PROBLEM STATEMENT: Go through the data below and copy it exactly, skipping every picture.

+++

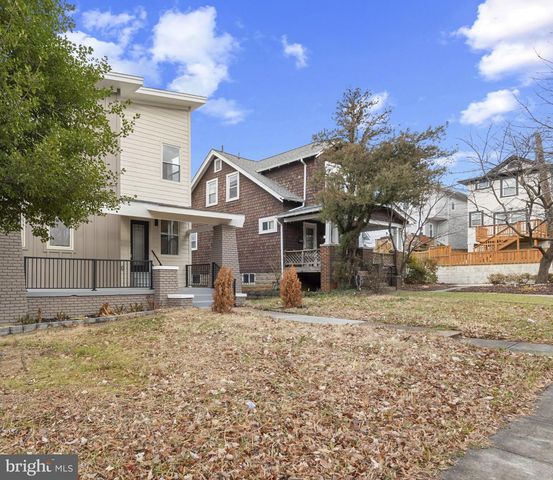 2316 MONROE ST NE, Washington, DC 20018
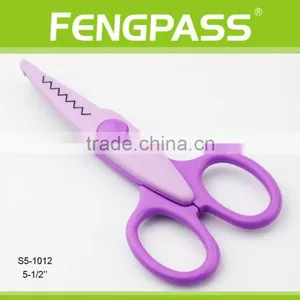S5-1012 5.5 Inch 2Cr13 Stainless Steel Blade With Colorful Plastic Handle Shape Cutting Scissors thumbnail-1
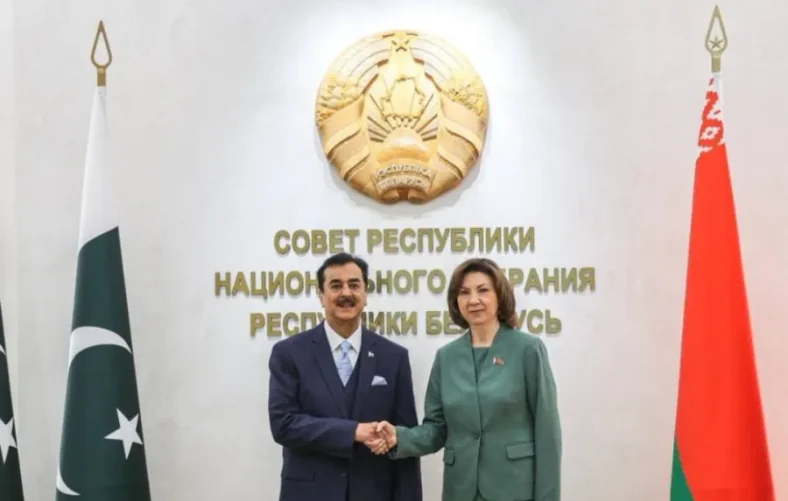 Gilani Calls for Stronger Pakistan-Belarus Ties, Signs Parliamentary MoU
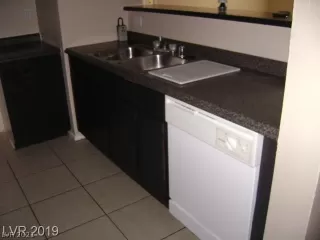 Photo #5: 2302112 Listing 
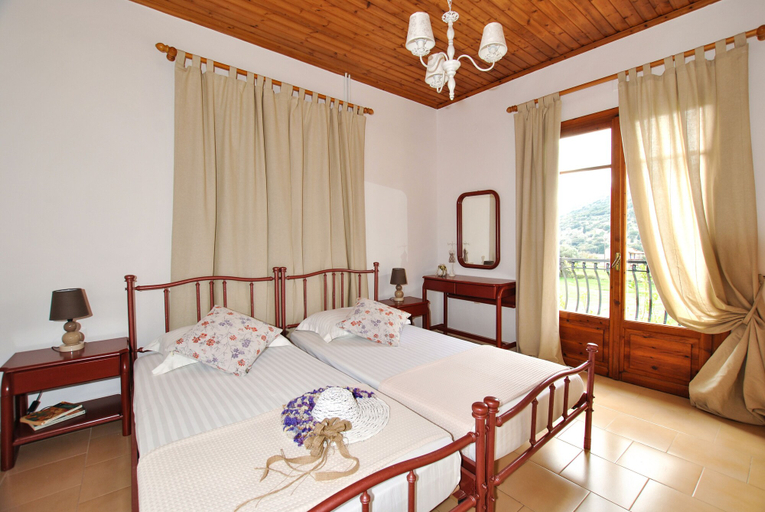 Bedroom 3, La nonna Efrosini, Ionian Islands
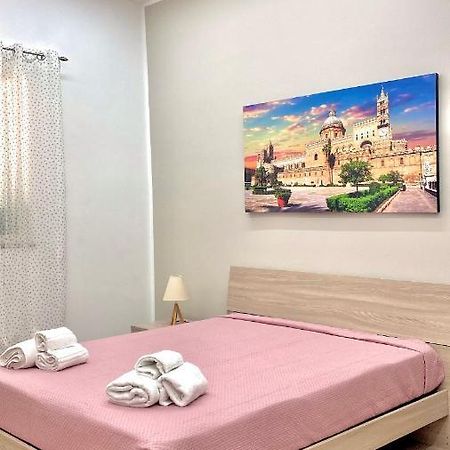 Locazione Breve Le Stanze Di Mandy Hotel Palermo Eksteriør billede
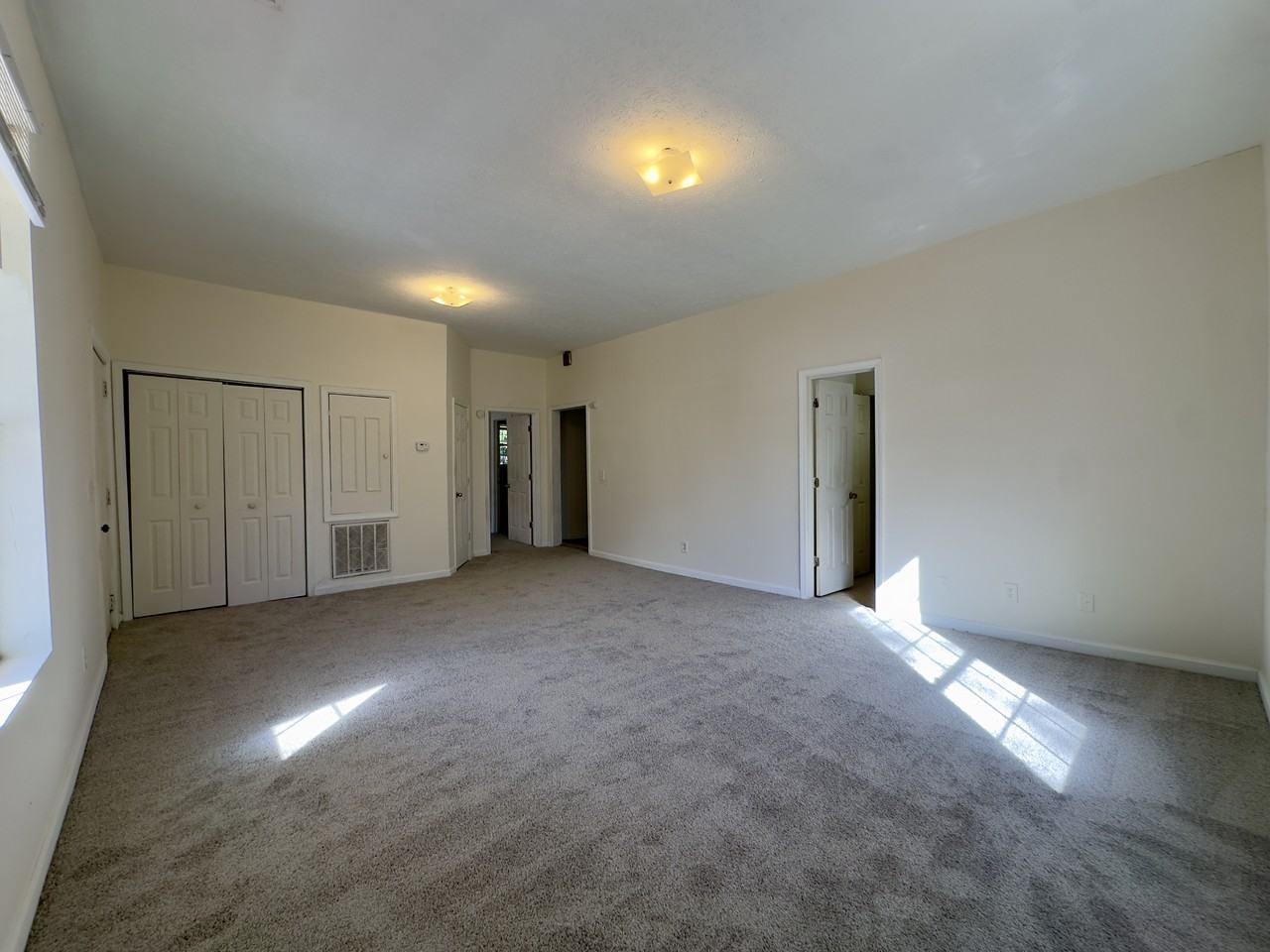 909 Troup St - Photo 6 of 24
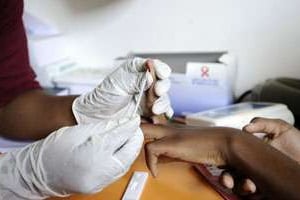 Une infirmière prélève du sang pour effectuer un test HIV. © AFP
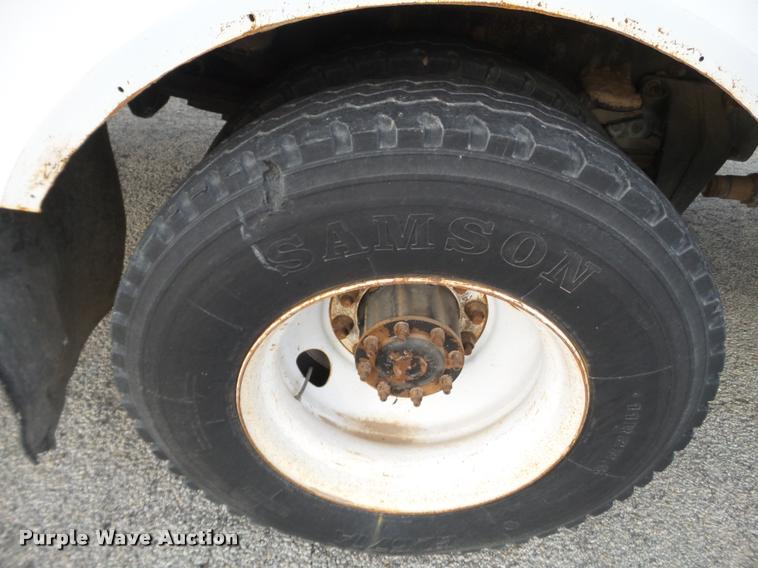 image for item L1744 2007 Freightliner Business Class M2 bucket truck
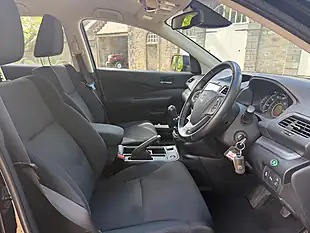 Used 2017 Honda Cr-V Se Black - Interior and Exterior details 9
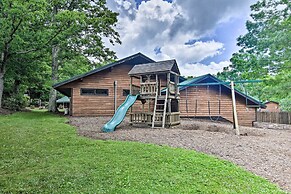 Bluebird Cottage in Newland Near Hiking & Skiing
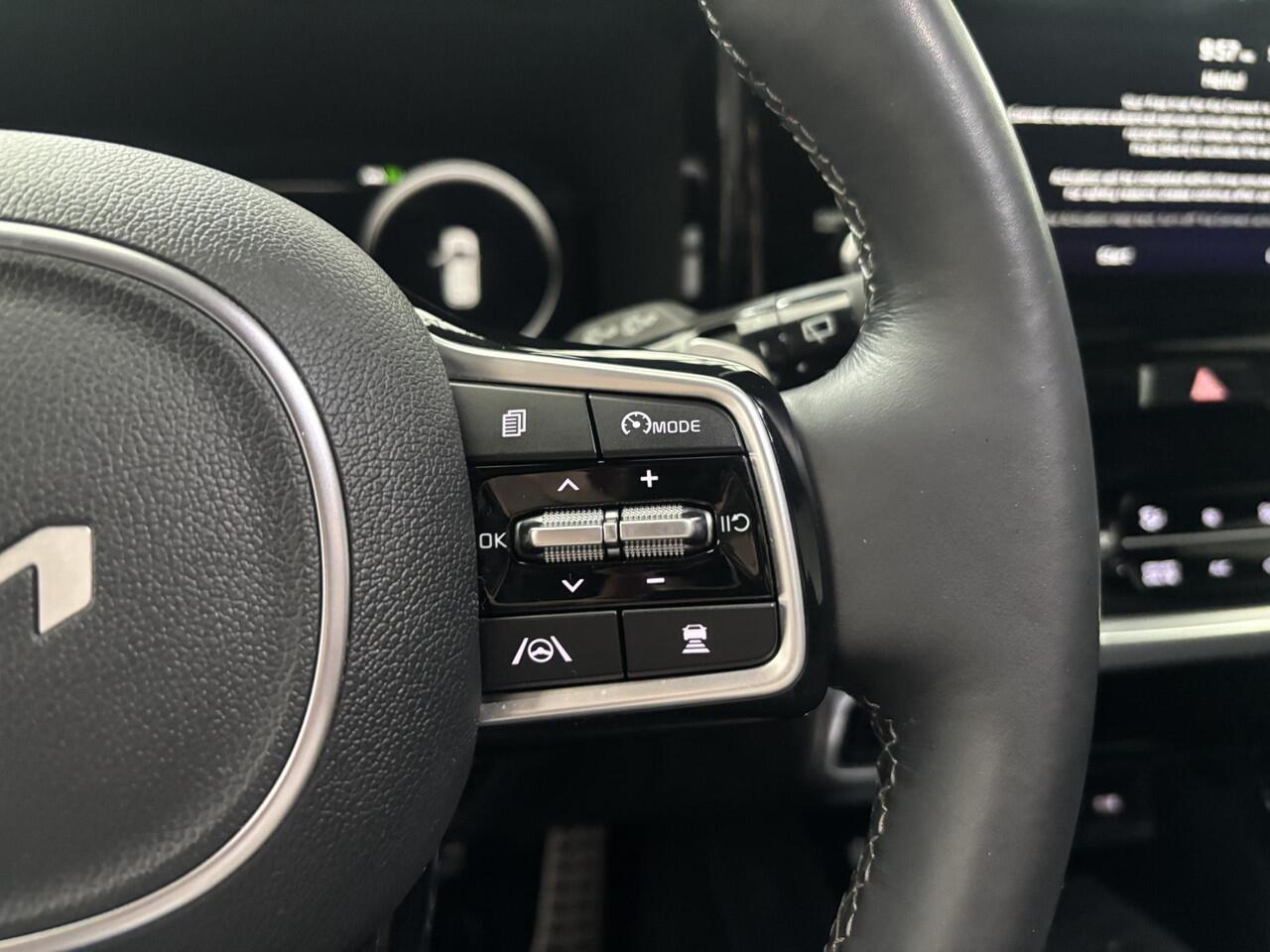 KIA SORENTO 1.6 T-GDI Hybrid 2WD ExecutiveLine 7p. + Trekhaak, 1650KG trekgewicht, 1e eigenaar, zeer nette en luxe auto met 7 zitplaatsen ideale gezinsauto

+++

TASK ANSWER:
 2316 MONROE ST NE, Washington, DC 20018
S5-1012 5.5 Inch 2Cr13 Stainless Steel Blade With Colorful Plastic Handle Shape Cutting Scissors thumbnail-1
 Gilani Calls for Stronger Pakistan-Belarus Ties, Signs Parliamentary MoU
 Photo #5: 2302112 Listing 
 Bedroom 3, La nonna Efrosini, Ionian Islands
 Locazione Breve Le Stanze Di Mandy Hotel Palermo Eksteriør billede
 909 Troup St - Photo 6 of 24
 Une infirmière prélève du sang pour effectuer un test HIV. © AFP
 image for item L1744 2007 Freightliner Business Class M2 bucket truck
 Used 2017 Honda Cr-V Se Black - Interior and Exterior details 9
 Bluebird Cottage in Newland Near Hiking & Skiing
 KIA SORENTO 1.6 T-GDI Hybrid 2WD ExecutiveLine 7p. + Trekhaak, 1650KG trekgewicht, 1e eigenaar, zeer nette en luxe auto met 7 zitplaatsen ideale gezinsauto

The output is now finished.